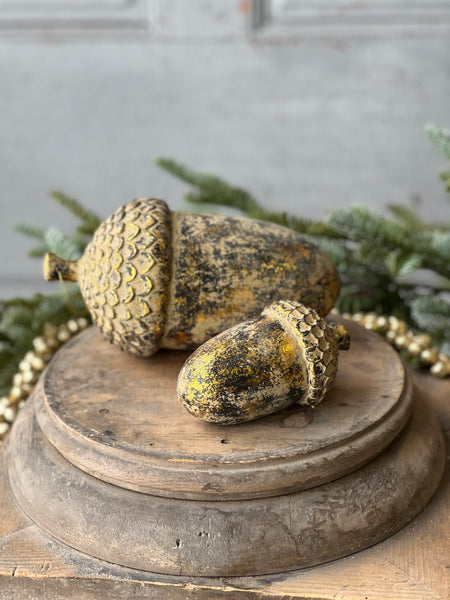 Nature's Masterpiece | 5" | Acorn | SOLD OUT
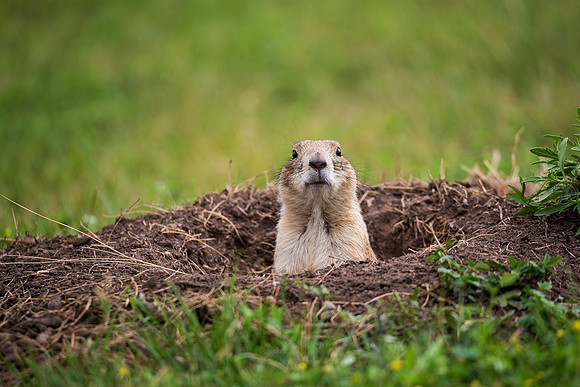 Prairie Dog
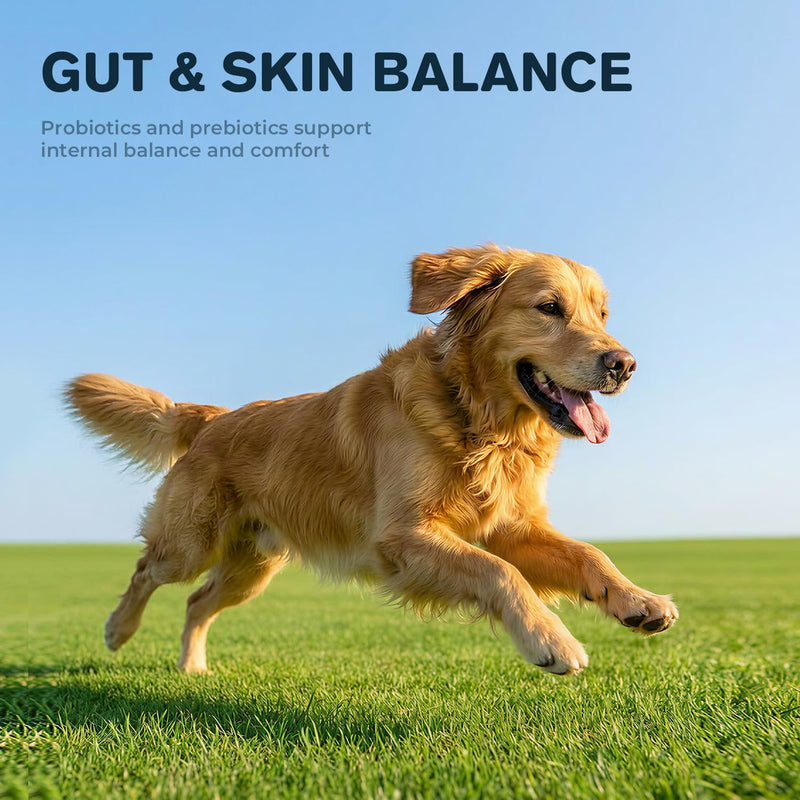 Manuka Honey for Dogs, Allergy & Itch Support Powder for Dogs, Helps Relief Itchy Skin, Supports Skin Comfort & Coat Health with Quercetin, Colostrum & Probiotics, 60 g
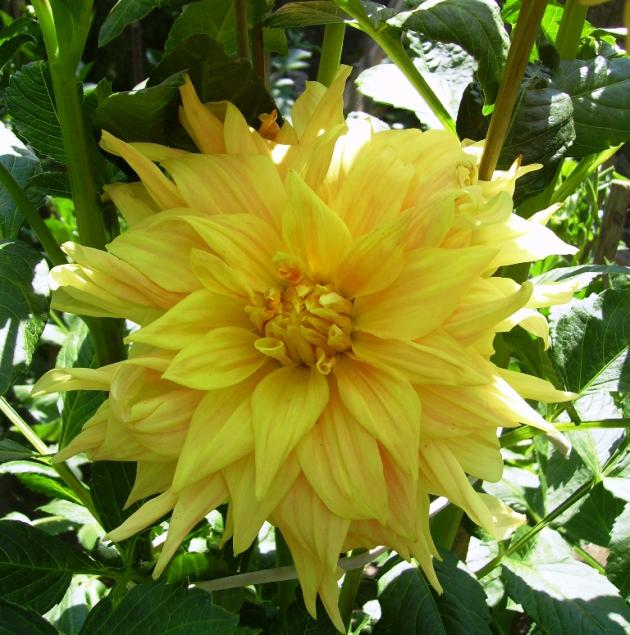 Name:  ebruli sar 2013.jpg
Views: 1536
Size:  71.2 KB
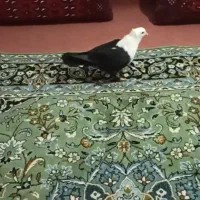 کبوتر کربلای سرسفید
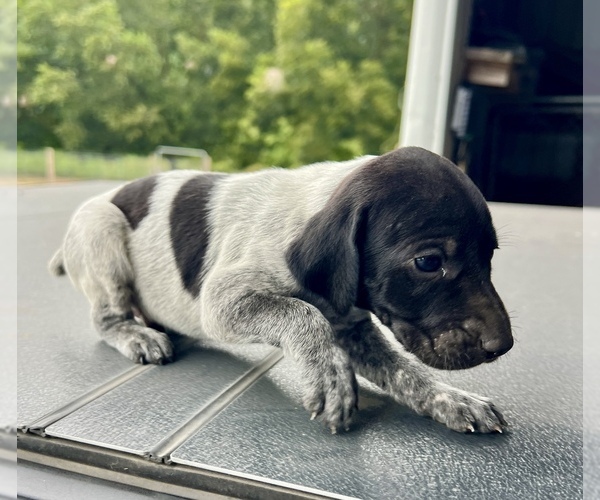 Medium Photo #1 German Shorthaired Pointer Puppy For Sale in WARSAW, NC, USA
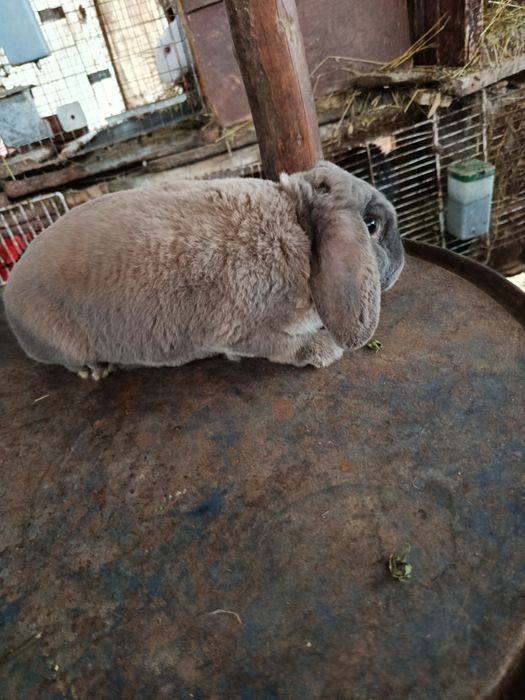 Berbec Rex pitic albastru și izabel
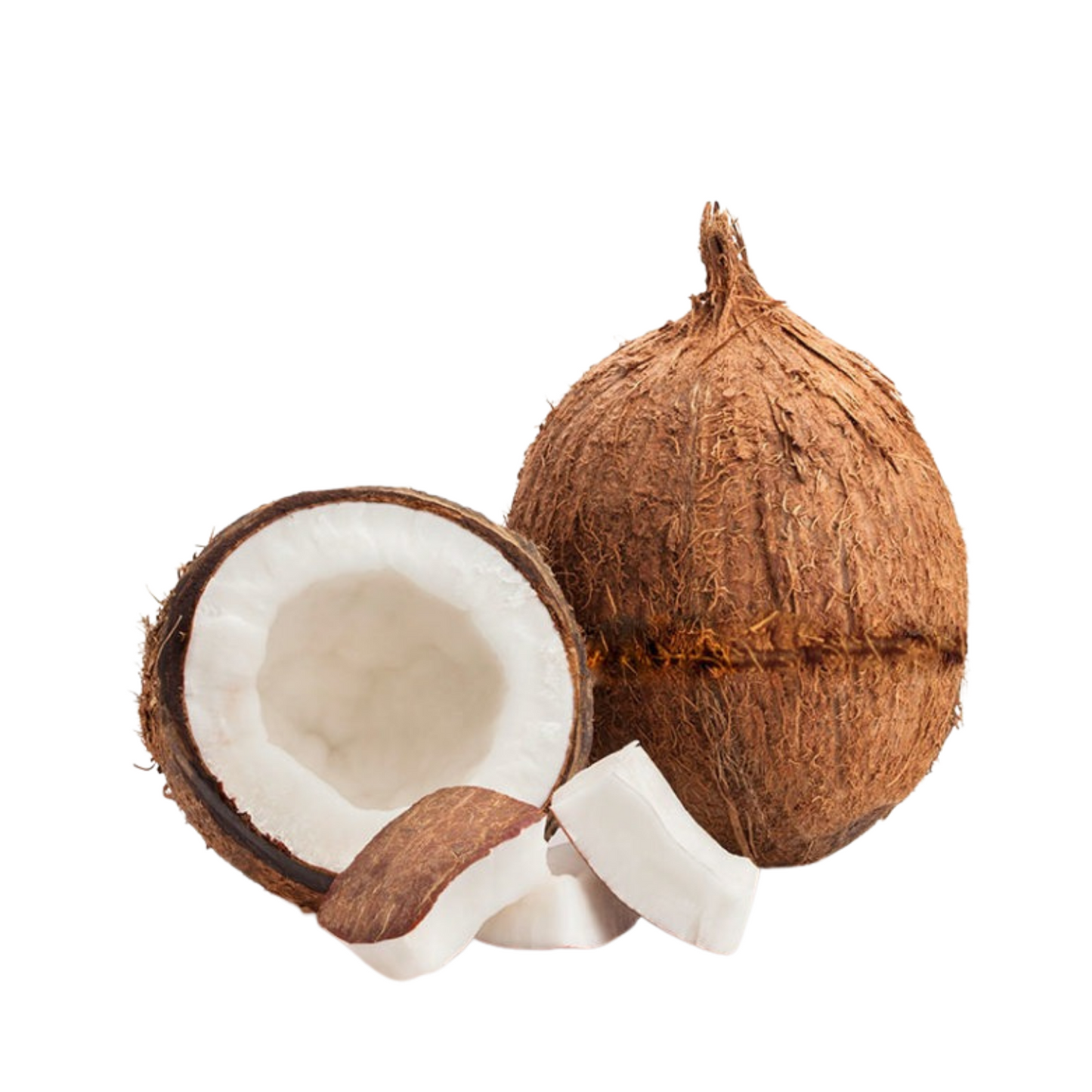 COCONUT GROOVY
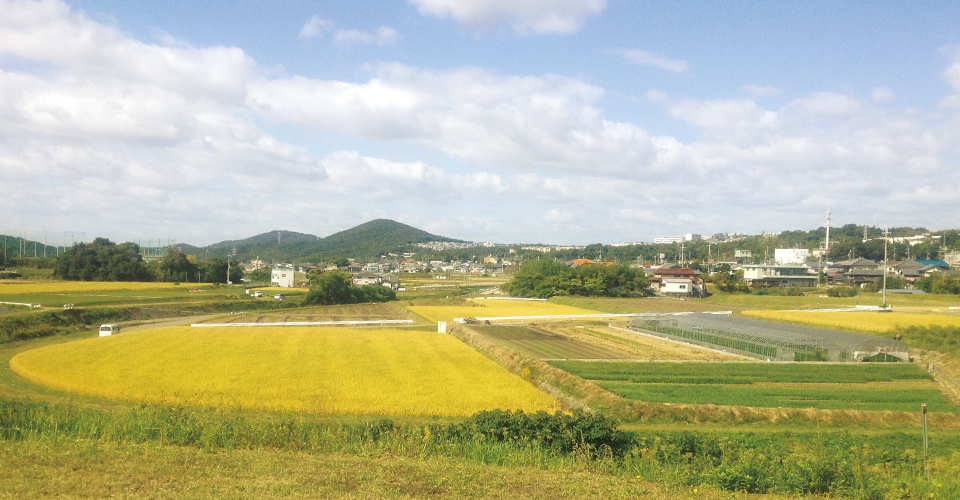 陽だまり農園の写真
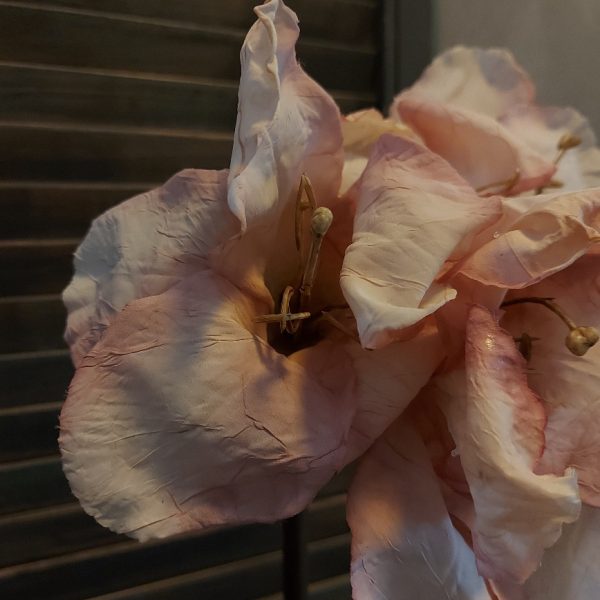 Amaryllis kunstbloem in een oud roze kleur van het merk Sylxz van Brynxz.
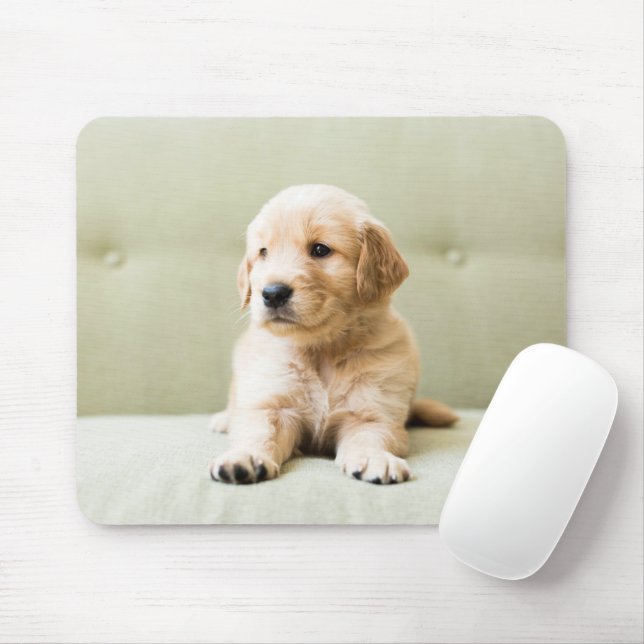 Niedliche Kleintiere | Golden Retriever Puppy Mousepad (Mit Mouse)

- YOUR INSTRUCTIONS:
Whatever pictures the entries contain, omit them, and write the rest out exactly.

- YOUR SOLUTION:
 Nature's Masterpiece | 5" | Acorn | SOLD OUT
 Prairie Dog
 Manuka Honey for Dogs, Allergy & Itch Support Powder for Dogs, Helps Relief Itchy Skin, Supports Skin Comfort & Coat Health with Quercetin, Colostrum & Probiotics, 60 g
 Name:  ebruli sar 2013.jpg
Views: 1536
Size:  71.2 KB
 کبوتر کربلای سرسفید
 Medium Photo #1 German Shorthaired Pointer Puppy For Sale in WARSAW, NC, USA
 Berbec Rex pitic albastru și izabel
 COCONUT GROOVY
 陽だまり農園の写真
 Amaryllis kunstbloem in een oud roze kleur van het merk Sylxz van Brynxz.
 Niedliche Kleintiere | Golden Retriever Puppy Mousepad (Mit Mouse)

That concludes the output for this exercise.